It’s that time of year once again, every kid’s favorite: back to school! We hope everyone’s successfully readjusted to their school schedule and aren’t still stuck in summer mode. It can be a stressful time for parents as well, not knowing how their kids are going to be treated by the other students, their teacher, and the administration. Will they make friends? Will they have to sit alone in the cafeteria? Is getting them to do homework going to be a daily stress? My parents can attest to all those feelings, and I know personally just how scary the whole experience can be; the first day of school was my worst nightmare when I was younger. But it really doesn’t need to be. School can be a wonderful and fulfilling part of your life, a time you’ll look back on with nostalgia when the realities of adult life hit you.

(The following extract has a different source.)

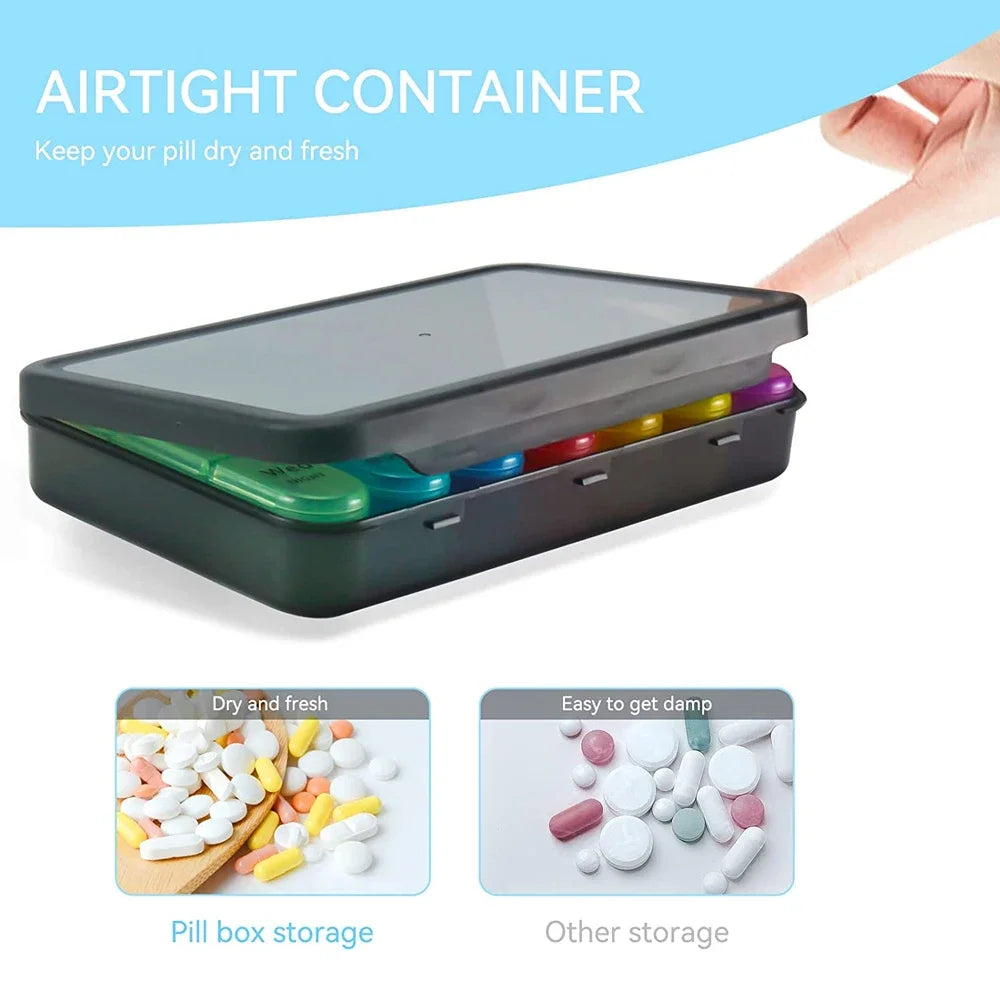 Premium Weekly Pill Organizer – 3 Times a Day, 7-Day Pill Box, 21 Grids for Medicine, Vitamins, Supplements, Travel-Friendly, Easy Open Design, Double Protection for Elderly and Memory Loss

I’d like to outline some general advice I have for the back to school period that can be beneficial for both the student and parents. This is assuming you’ll be in a general education classroom which, as I’ve previously discussed, is becoming more common for kids on the spectrum. First is to keep a constant line of communication between student, parent, and teacher. As someone who’s going into the teaching profession, I can’t understate the importance of this. Teachers have to balance the needs of an entire classroom, and it can be difficult to properly identify one student’s troubles if they don’t know what’s going on in that student’s mind. Not only is a good relationship with the teacher positive academically, but I’ve seen firsthand teachers who are willing to help integrate their special needs students with the rest of the class. New friendships are formed that never would have been otherwise.
Another important thing, and it’s one that in hindsight I’m glad my family forced on me, is to get involved. Boy/Girl Scouts, sports, clubs, any extracurricular activities. When I was much younger I did these things (reluctantly at first), and ended up making many of my friends through them. It also allowed my mom to form relationships with the other parents so they could set up play dates for all of us. Even for older students, it’s never a bad idea to stay active, learn some valuable life skills, and have fun instead of wasting away doing nothing like many high schoolers are prone to do. I know that for many with ASD, putting yourself out there in social situations can be a daunting task, but facing your fears and anxieties is the only way to overcome them. Building a rapport with your teacher and getting involved with the school are what I consider to be the most important methods of feeling comfortable in school from the very beginning of the year.